I fear for the future. Not our immediate future, and not even for the future of someone as young as you (i've not got that many years left, but you reasonably have 40 to 60 yeas to go). Far, far down the road, there may well be a terrible price to pay for the venality and cupidity of greedy men acting in cahoots with mealy-mouthed and hypocritical politicians. The American revolution was essentially a revolt of the middle class to return to and preserve the status quo ante
of 1760. The French revolution was essentially a revolt of the middle class against monarchical incompetence, an inevitability of the system of monarchy--not every monarch is an Edward I or a Louis XIV, and incompetence is not only inevitable, but the more likely state.
There were two revolutions in Russia in 1917, although most people don't seem to understand that.
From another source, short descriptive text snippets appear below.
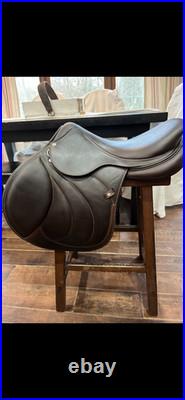 Antares Buffalo Saddle Used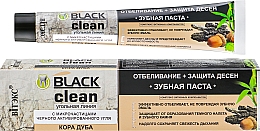 Kup PRZECENA! Pasta do zębów z węglem aktywnym Wybielanie + ochrona dziąseł - Vitex Black Clean *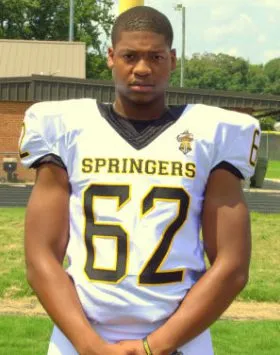 Gilliam joins Highland Springs teammate in committing to Oklahoma football program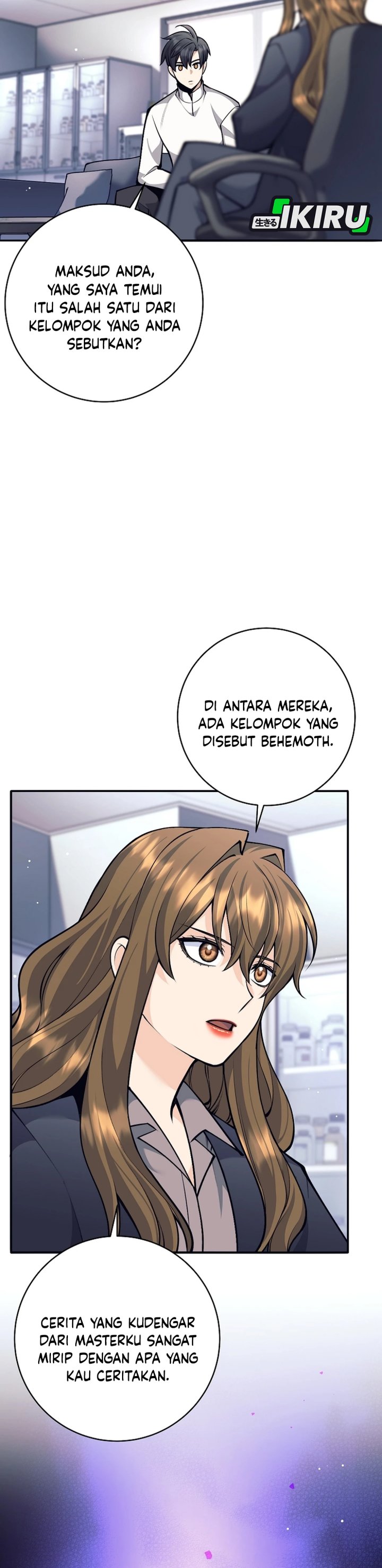 Weapon-Eating Bastard Chapter 68 Gambar 37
The first was the Russian revolution in February (March by our calendar) which not only was not organized by any political party, but which the Bolsheviks in the Petrograd factories had attempted to forbid. Like the market women in Paris in 1789, though, the women in the factories in Petrograd in 1917 paid no attention to any man when they wanted bread to feed their families.
But revolutions at that level are inchoate, and almost never provide effective leadership from the class which either instigates them (Russia) or which is "rabbled-roused" to provide the foot soldiers of revolt (France). In Russia, the Russian revolution was succeeded by the Bolshevik revolution in October--Red October (November by our calendar). If this situation festers for another century or more, with all the effects of modern electronic communications, it could be far wider, far bloodier, and
far more ripe for the kind of exploitation which Lenin did in Petrograd in 1917.
So i fear for the future. I usually don't attempt to predict based on history, but if i were to make any settled prediction about this, it would be to say that i'm very likely wrong about this--not that it won't happen and not that it won't be as bad (or worse) than i think, but that it will happen much sooner than i think.